With Queensland again under threat from flooding, a QUT project aims to use storytelling to improve disaster communication and awareness among communities in which English is not the first language, including refugees and new migrants.
QUT researchers Dr Jenny Hou, Professor Greg Hearn, and Professor Kim Johnston have received Queensland and Commonwealth Governments joint funding of $305,576 from the Queensland Resilience and Risk Reduction Fund administered by Queensland Reconstruction Authority for their ‘Empowering culturally and linguistically diverse (CALD) communities in disasters’ project.
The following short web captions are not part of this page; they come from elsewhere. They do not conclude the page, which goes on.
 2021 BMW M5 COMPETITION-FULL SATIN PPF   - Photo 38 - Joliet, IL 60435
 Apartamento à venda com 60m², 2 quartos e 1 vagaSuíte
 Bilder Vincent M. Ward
Working in a partnership with the disaster management unit of Cairns Regional Council, they are looking for participants to speak of their lived experiences in disaster situations and hope to address the potentially life-threatening information gaps and communication failures in targeting at-risk or disaster-affected CALD communities in Australia.
“CALD communities struggle with inaccessible and insufficient communication. The material designed for the majority can lack cultural relevance or emotional engagement, and these groups are also often underrepresented or misrepresented in the media,” said Dr Hou, from QUT’s Digital Media Research Centre and School of Communication.
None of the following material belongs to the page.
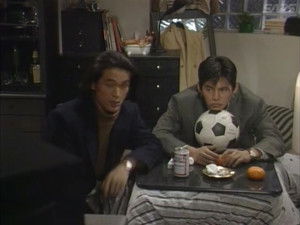 東京ラブストーリー Season 1 Ep.7 7. epizód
“We have chosen to focus on Far North Queensland as a starting point because it is an area with diverse populations that’s also prone to natural disasters like cyclones.
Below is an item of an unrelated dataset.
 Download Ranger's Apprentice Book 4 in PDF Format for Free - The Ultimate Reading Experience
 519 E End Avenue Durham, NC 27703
“Three CALD groups will be targeted – refugees, ethnic minorities, and new migrants. The stories of seven participants from each of these groups will help us create case studies that resonate with others, and which can be used training for programs and other materials that are aimed at people in varied communities.
“If we can recognise the problems faced in communicating with such groups before, during and after a disaster, then build appropriate resources for them, we can enable self-resilience and build confidence.”
Dr Hou said the case studies would be followed by an audit of communication, education, skills training programs and other material used to connect with CALD communities by local councils, and its affiliates or network members.
The third phase of the project would see the co-design of a workshop involving the research team, CALD participants, council representatives, other relevant agencies, and local influencers to identify what tools are needed for future communication and the safe-guarding of those at risk.
“Our ultimate aim is to create a model of embedding instructive information and an action guide into culturally appropriate and community-driven storytelling to inform, influence and empower CALD communities,” she said.
“What we want to see Australia-wide is greater disaster literacy and sustainable resilience in the face of extreme weather events among CALD communities.
‘By improving the accuracy of disaster risk perception and identification, better risk reduction behaviours will follow.
“This outcome will benefit the CALD communities but also multiple other stakeholders, including emergency management services, local, state and federal governments, community partners and others.”
Dr Hou said the results would also enhance public understanding of disaster inequalities caused by systematic issues such as information asymmetry, language and cultural barriers, and the lack of trust and social connectivity faced by the CALD communities, ultimately facilitating the achievement of disaster/environment justice.